Compared to other instruments, such as the IKDC or the Lysholm Score, the WOMET shows superior content validity, because it is the only measurement instrument which was developed based on patient rating regarding its comprehensiveness, feasibility, and comprehensibility. In contrast, the Lysholm Score was developed as a disease-specific measurement for patients suffering from knee ligament injuries, whereas the IKDC score was developed as a global knee-specific measurement. One study suggests that measurement error may limit the ability of the WOMET to detect the MIC in score for meniscal patients [14]. Generally, strong methodological evaluations of the structural validity of many PROMs are still lacking. When conducting a systematic review or a meta-analysis, the lack of studies that report methodological details is an essential problem, because it limits the possibility to assess the methodological quality of the studies. In the areas of randomized controlled trials or diagnostic research, there exist guidelines for primary studies, such as the Consolidated Standards of Reporting Trials (CONSORT) statement [20] or the Standards for Reporting of Diagnostic accuracy studies (STARD) statement [21]. In research on measurement properties, however, there exist wide variations in names given to specific measurement properties and different definitions are used for the same property. For example, the measurement of property reliability has also been referred to as reproducibility or stability [22]. We therefore use and recommend the COSMIN checklist [3] as an adequate guideline on evaluating measurement properties.

Limitations

For most of the studies included in this meta-analysis, the COSMIN methodology rating was poor for the reported measurement properties. Internal consistency was even rated poor in all studies. A key reason for this is the failure of most studies to analyze the factor structure of the WOMET. Without the assessment of the factor structure, there is no possibility of a clear interpretation of internal consistency (see also Tables 3 and 4 in the Appendix). The same holds for the interpretation of change scores: future studies should assess change scores of the WOMET in individual patients. Further, potential publication bias should be taken into account when considering the results of the present meta-analysis.

Conclusions

This is the first meta-analysis on measurement properties of the WOMET. We found satisfactory internal consistency, test-retest reliability, and construct validity.
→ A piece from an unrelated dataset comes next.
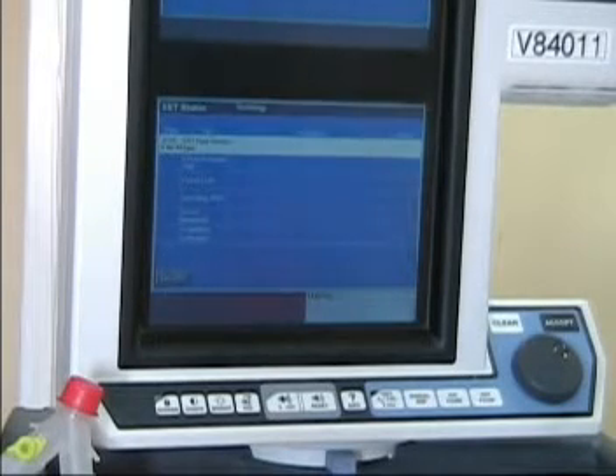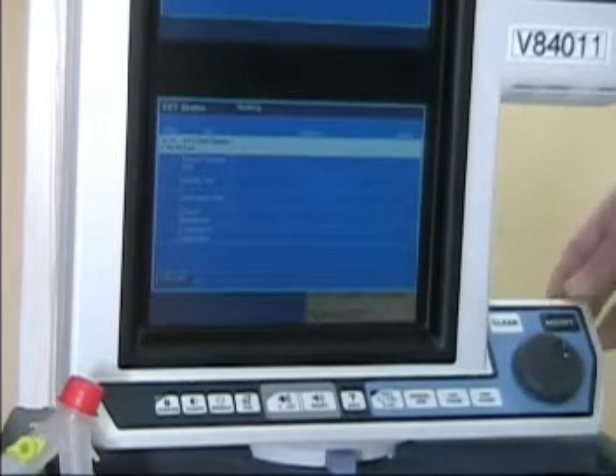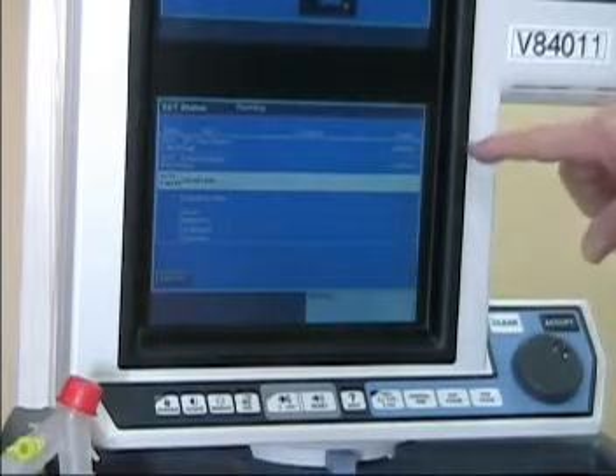This will take about five minutes to test the system. It says now connect humidifier if acceptable. We passed the flow sensor, and now it's going to pressure test the circuit — that has passed.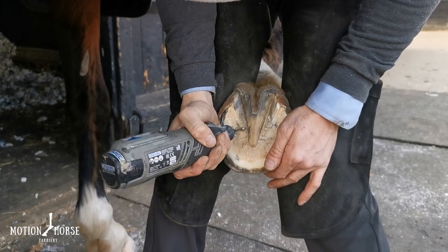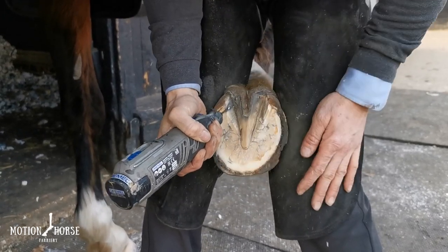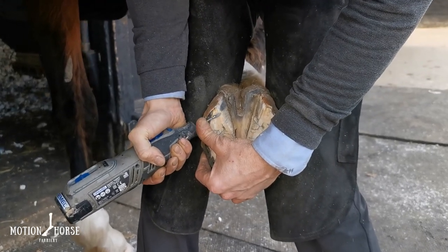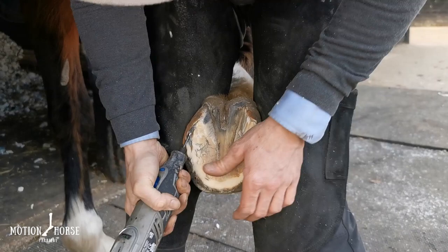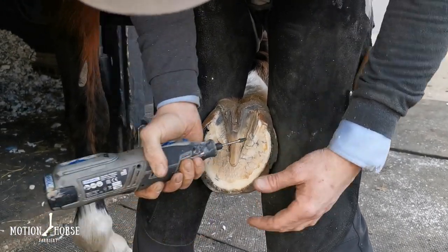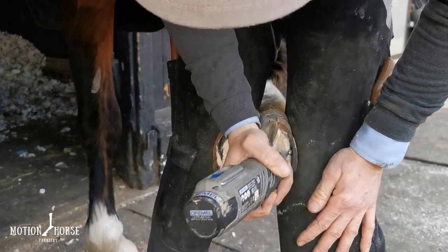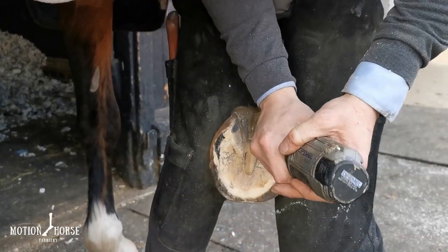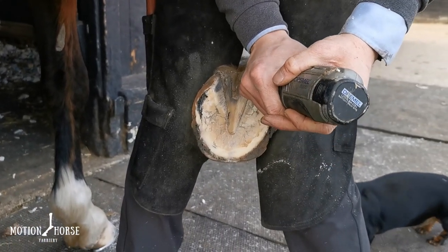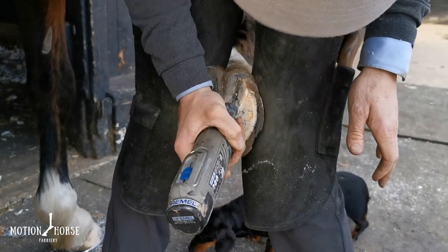Good clean out. The material is going to cover the majority of the sole — it probably won't cover the top of the frog, but it will cover the majority of it, so I want to make sure it's as clean as possible. The Dremel is great for getting into the seat of corn area for a good clean out, and also down the side of the bars to get all that dirt out.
Due to the lack of methodological quality as recommended by the COSMIN standards, we are unable to report structure validity or content validity of the WOMET. To ensure that the WOMET adequately reflects the symptoms, functions, and quality of life of patients with meniscal tears based on COSMIN criteria, it is necessary to assess the structural validity and content validity of this PROM if further studies.